Este texto marca discussão teórica preliminar realizada para o desenvolvimento do projeto de pesquisa de iniciação científica (PIBIC/UFAL 2023-2024) intitulado “Estruturação, Mercantilização e Espacialização nos Primeiros 10 Anos da Fase Contemporânea da Copa do Nordeste (2013-2022)”.

Aqui, é apresentado o que foi específico do Plano de Trabalho 1, denominado “Estruturação da Fase Contemporânea da Copa do Nordeste (2013-2022) e Elementos Básicos para sua Mercantilização”. Procedemos a leitura e a análise de dois textos: a segunda metade do capítulo de livro “Indústria Cultural e Funções” (Bolaño, 2000) e o artigo “A Frustração dos Sonhos de Celso Furtado: uma Interpretação Crítica do Processo de Desenvolvimento Econômico do Nordeste Brasileiro” (Oliveira; Mattos; Machado, 2020).

 A seguir, apresentamos um texto que integra as ideias dessas obras, seguido pela relação entre elas e a importância do avanço do Plano de Trabalho. Nosso objetivo é compreender como a estruturação, mercantilização e espacialização se manifestam no contexto futebolístico a partir do caso da Copa do Nordeste

A função publicidade e o caso do futebol

Inicialmente, ao mergulharmos no contexto estrutural delineado pelo primeiro texto, “Indústria Cultural e Funções”, notamos, sobretudo na sua terceira parte, “Informação e capitalismo”, a análise profunda de Bolaño (2000) sobre a intricada influência da publicidade e dos meios de comunicação de massa no tecido econômico e social.

A partir do diálogo com outras autoras e autores, Bolaño (2000) destaca a penetração da campanha de vendas nas operações de produção, algo que também pode ditar critérios e moldar o que deve ser produzido. Importante ressaltar que, embora a publicidade por si só não amplie o número de consumidores, ela tem o poder de influenciar o consumo de diferentes grupos.

A publicidade é apresentada como uma das funções da Indústria Cultural (junto com o programa e a propaganda). Esta indústria produz mercadorias com dupla natureza: atrair o público a partir do programa midiático e, com isso, auxiliar na aceleração da circulação de mercadorias e serviços pelos produtos que são ofertados com a publicidade. Chegando nisso, há a realização do capital. Assim, “a publicidade é elemento indispensável ao capitalismo na sua fase monopolista” (Bolaño, 2000, p. 158).

Transpondo esse raciocínio para o cenário do futebol no Nordeste, torna-se evidente que a difusão pelos veículos de comunicação desempenha um papel vital na projeção e sucesso de um clube para ter maior torcida e atrair mais empresas que se interessem em patrociná-lo.
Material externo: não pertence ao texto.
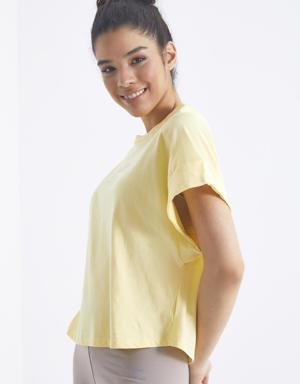 Sarı Minimal Yazı Baskılı O Yaka Oversize Kadın T-Shirt - 97219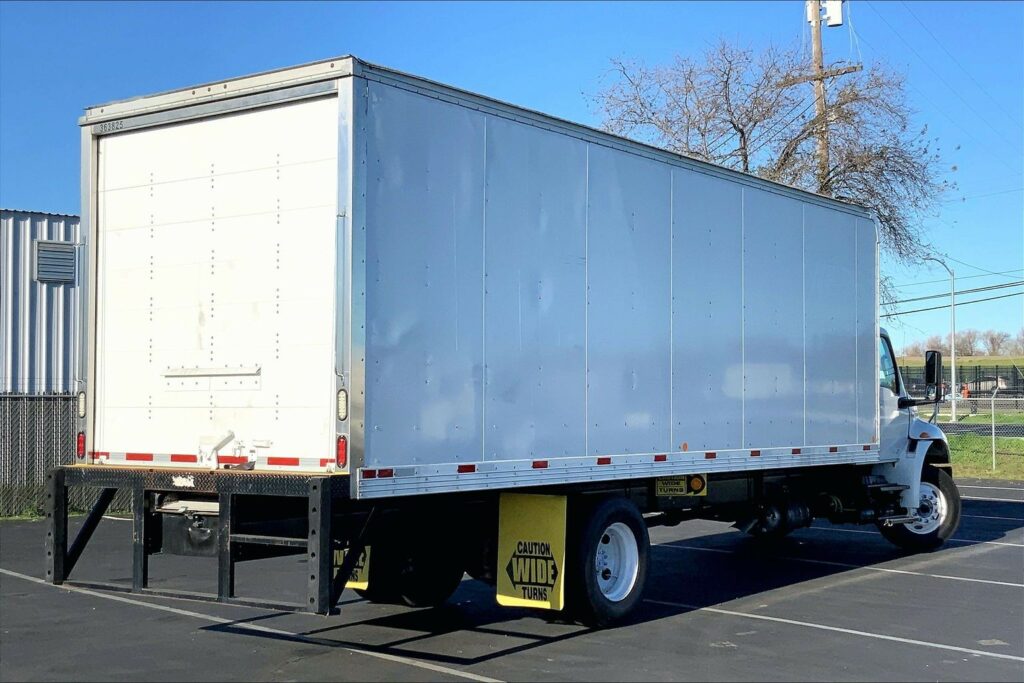 2022 CUM MV607 Medium Conventional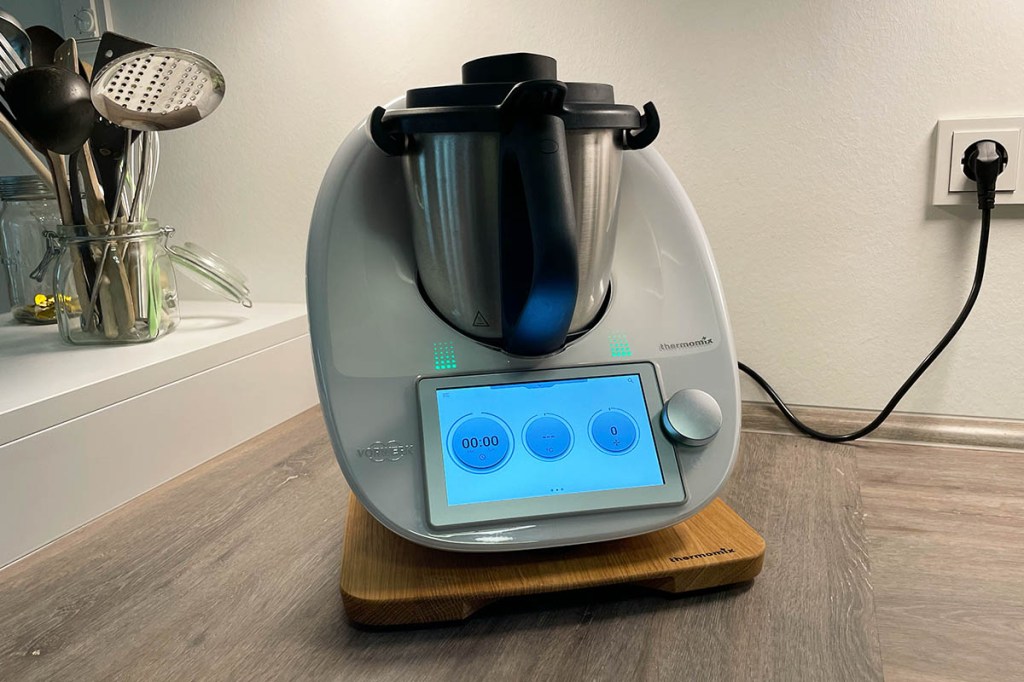 Der Thermomix TM6 mit eingeschaltetem Display auf dem Vorwerk Gleitbrett.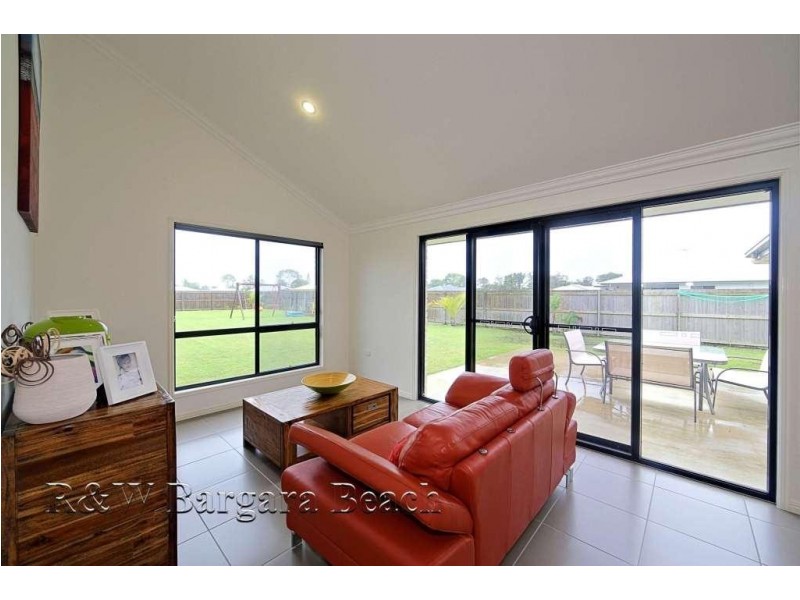 7 Sandstone Street, Burnett Heads QLD 4670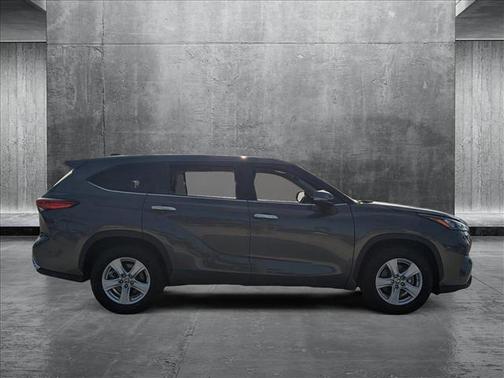 2020 Toyota Highlander LE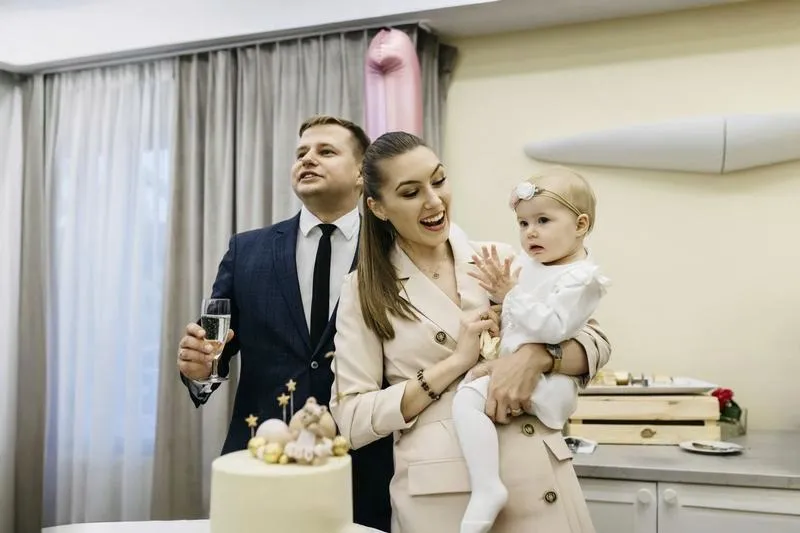 Ile trzeba zapłacić za wynajęcie fotografa na chrzest? Sprawdź, co wpływa na cenę!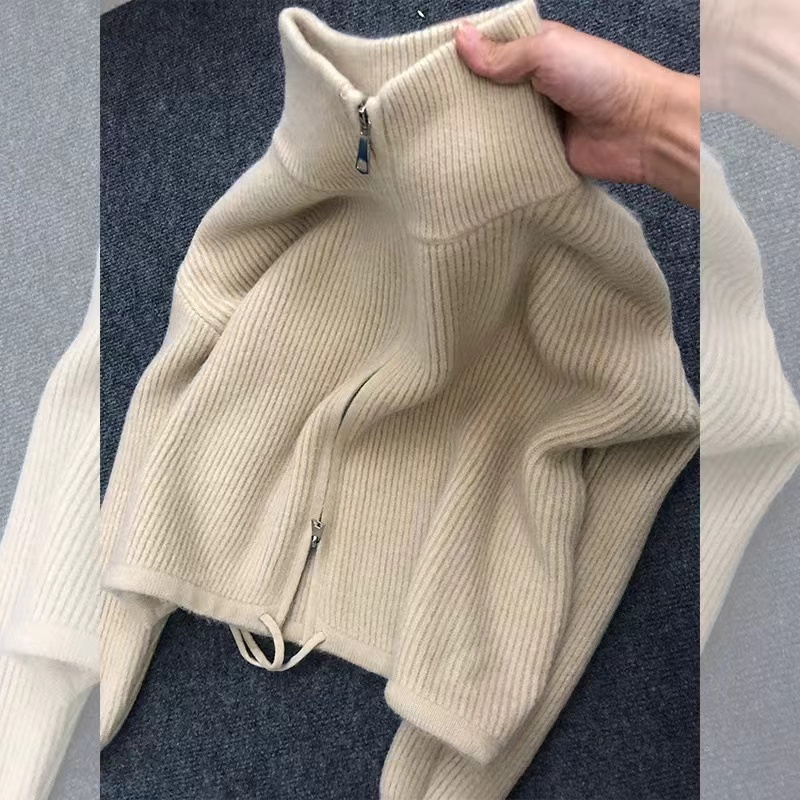 Knitted cstand collar sweater short coat for women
A capacidade de influenciar telespectadores a optarem por um time em ascensão destaca como o futebol se tornou não apenas um esporte, mas um gerador de consumo. Quanto mais atrai determinado público, mais se é midiatizado. De maneira que observamos uma desigualdade persistente na visibilidade de determinados clubes, especialmente os nordestinos, em comparação com seus pares do Centro-Sul. Essa disparidade, enraizada desde os tempos coloniais a partir de distinções socioeconômicas entre as regiões do país, continua a desafiar os clubes nordestinos em sua busca por reconhecimento e equidade no cenário nacional.

Copa do Nordeste
A taça da Copa do Nordeste. Foto: Lucas Figueiredo/CBF.

A desigualdade regional brasileira e reflexos no futebol nordestino

Ao nos aprofundarmos no segundo texto, “A frustração dos sonhos de Celso Furtado: uma interpretação crítica do processo de desenvolvimento econômico do nordeste brasileiro” (Oliveira; Mattos; Machado, 2020), a análise sobre a desigualdade regional se estende. Destaca-se como o processo de industrialização concentrou-se no Sudeste, notadamente em São Paulo, deixando o Nordeste em um estado de atraso no contexto de desenvolvimento do início do século XX.

Os autores indicam a necessidade de estudar o que demarca cada região no que tange às especificidades do modelo de desenvolvimento brasileiro. No caso nordestino, compreendem que se reproduz-se um contexto histórico:

A estrutura socioeconômica nordestina conservou, por longos períodos, características arcaicas de produção e relações de trabalho, desencadeando, portanto, um quadro de atraso no desenvolvimento de sua estrutura produtiva quando comparado ao restante do país (Oliveira; Mattos; Machado, 2020, p. 128).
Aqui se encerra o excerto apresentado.